From the records below, output exactly the lines running from the line containing "Renault Grand Scenic 2011" through the line containing "Гуми Всесезонни 225/55R18, снимка", and no others.

(Items from a data source):
————————
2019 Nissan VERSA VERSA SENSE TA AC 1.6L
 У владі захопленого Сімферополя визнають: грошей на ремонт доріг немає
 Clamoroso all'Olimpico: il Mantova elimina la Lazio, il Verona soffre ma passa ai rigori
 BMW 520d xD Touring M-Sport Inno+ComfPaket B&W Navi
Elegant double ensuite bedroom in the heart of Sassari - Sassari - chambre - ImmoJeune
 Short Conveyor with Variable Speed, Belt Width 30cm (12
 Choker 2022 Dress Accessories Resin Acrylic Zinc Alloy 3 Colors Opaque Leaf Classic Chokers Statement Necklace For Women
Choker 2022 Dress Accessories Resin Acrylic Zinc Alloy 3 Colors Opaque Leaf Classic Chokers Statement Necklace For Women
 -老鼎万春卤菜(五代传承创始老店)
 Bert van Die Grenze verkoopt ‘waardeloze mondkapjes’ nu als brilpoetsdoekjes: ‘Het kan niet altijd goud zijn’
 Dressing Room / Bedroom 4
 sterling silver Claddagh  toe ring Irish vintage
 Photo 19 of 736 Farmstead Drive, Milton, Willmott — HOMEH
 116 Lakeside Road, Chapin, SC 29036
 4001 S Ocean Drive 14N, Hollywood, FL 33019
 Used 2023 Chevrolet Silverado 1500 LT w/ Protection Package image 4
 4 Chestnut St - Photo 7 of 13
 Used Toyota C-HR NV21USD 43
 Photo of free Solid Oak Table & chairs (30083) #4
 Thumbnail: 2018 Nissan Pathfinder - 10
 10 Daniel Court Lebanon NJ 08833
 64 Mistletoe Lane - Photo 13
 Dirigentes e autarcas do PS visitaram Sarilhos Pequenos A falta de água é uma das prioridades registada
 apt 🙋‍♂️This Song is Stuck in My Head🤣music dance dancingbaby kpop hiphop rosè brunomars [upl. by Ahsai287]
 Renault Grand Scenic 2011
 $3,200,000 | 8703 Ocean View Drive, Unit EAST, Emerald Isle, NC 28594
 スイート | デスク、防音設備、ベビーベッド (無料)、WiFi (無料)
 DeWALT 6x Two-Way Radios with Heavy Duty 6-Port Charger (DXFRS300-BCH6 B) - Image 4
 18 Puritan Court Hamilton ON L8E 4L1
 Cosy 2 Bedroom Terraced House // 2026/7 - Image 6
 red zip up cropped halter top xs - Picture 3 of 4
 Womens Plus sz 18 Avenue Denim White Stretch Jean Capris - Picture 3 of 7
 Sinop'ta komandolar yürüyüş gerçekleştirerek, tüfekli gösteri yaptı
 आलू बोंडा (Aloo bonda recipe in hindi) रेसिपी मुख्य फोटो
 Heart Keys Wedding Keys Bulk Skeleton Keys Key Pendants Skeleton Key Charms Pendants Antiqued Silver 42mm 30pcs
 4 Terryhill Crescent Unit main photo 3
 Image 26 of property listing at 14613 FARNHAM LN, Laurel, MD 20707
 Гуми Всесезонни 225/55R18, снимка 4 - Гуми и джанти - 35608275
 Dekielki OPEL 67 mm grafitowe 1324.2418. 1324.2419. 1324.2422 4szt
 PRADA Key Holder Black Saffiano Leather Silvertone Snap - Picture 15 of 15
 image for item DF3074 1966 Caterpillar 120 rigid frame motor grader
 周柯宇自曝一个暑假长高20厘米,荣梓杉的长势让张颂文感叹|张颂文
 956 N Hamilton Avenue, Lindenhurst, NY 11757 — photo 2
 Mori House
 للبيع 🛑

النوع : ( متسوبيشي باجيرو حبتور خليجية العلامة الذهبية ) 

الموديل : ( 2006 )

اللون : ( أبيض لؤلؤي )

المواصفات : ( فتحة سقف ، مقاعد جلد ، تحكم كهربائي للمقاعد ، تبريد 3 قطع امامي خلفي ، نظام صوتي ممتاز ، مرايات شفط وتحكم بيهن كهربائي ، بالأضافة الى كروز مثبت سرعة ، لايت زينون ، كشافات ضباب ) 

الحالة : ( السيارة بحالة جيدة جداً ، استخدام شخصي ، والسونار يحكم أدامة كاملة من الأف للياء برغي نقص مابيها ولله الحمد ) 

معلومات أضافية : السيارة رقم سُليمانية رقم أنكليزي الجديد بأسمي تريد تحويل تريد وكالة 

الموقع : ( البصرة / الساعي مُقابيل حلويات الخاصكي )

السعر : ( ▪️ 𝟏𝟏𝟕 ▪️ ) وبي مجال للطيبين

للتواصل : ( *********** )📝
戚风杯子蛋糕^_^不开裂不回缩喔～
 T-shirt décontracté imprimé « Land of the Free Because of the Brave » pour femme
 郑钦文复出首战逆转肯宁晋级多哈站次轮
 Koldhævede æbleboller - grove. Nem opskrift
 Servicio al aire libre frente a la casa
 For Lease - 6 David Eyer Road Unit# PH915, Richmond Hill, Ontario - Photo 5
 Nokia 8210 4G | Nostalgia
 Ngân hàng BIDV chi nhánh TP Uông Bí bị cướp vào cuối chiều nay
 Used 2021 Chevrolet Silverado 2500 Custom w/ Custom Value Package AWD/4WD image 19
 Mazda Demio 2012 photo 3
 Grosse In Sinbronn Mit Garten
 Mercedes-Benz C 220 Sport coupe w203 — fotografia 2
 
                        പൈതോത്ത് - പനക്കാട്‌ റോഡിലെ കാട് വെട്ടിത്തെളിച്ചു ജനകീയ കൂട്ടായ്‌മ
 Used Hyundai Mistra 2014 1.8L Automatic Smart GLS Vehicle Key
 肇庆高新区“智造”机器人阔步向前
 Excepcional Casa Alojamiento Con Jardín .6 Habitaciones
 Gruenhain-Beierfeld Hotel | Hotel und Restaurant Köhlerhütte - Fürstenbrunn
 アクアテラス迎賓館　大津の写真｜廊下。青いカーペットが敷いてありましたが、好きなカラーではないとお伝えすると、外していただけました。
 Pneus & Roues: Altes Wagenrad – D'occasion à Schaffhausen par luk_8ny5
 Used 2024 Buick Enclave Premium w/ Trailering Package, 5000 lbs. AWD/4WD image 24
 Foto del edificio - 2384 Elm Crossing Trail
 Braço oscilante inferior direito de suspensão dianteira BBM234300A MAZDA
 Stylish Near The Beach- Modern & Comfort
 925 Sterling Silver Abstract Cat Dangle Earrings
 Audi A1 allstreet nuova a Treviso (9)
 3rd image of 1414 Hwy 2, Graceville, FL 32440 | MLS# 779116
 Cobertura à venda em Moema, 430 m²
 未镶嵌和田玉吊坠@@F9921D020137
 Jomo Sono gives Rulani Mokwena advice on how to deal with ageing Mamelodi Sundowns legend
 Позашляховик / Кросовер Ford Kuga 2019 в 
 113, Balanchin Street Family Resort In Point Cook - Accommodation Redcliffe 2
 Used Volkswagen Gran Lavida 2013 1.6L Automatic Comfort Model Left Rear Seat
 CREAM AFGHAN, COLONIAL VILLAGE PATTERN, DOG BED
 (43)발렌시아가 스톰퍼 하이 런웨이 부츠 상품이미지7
————————
(Task output):
 Renault Grand Scenic 2011
 $3,200,000 | 8703 Ocean View Drive, Unit EAST, Emerald Isle, NC 28594
 スイート | デスク、防音設備、ベビーベッド (無料)、WiFi (無料)
 DeWALT 6x Two-Way Radios with Heavy Duty 6-Port Charger (DXFRS300-BCH6 B) - Image 4
 18 Puritan Court Hamilton ON L8E 4L1
 Cosy 2 Bedroom Terraced House // 2026/7 - Image 6
 red zip up cropped halter top xs - Picture 3 of 4
 Womens Plus sz 18 Avenue Denim White Stretch Jean Capris - Picture 3 of 7
 Sinop'ta komandolar yürüyüş gerçekleştirerek, tüfekli gösteri yaptı
 आलू बोंडा (Aloo bonda recipe in hindi) रेसिपी मुख्य फोटो
 Heart Keys Wedding Keys Bulk Skeleton Keys Key Pendants Skeleton Key Charms Pendants Antiqued Silver 42mm 30pcs
 4 Terryhill Crescent Unit main photo 3
 Image 26 of property listing at 14613 FARNHAM LN, Laurel, MD 20707
 Гуми Всесезонни 225/55R18, снимка 4 - Гуми и джанти - 35608275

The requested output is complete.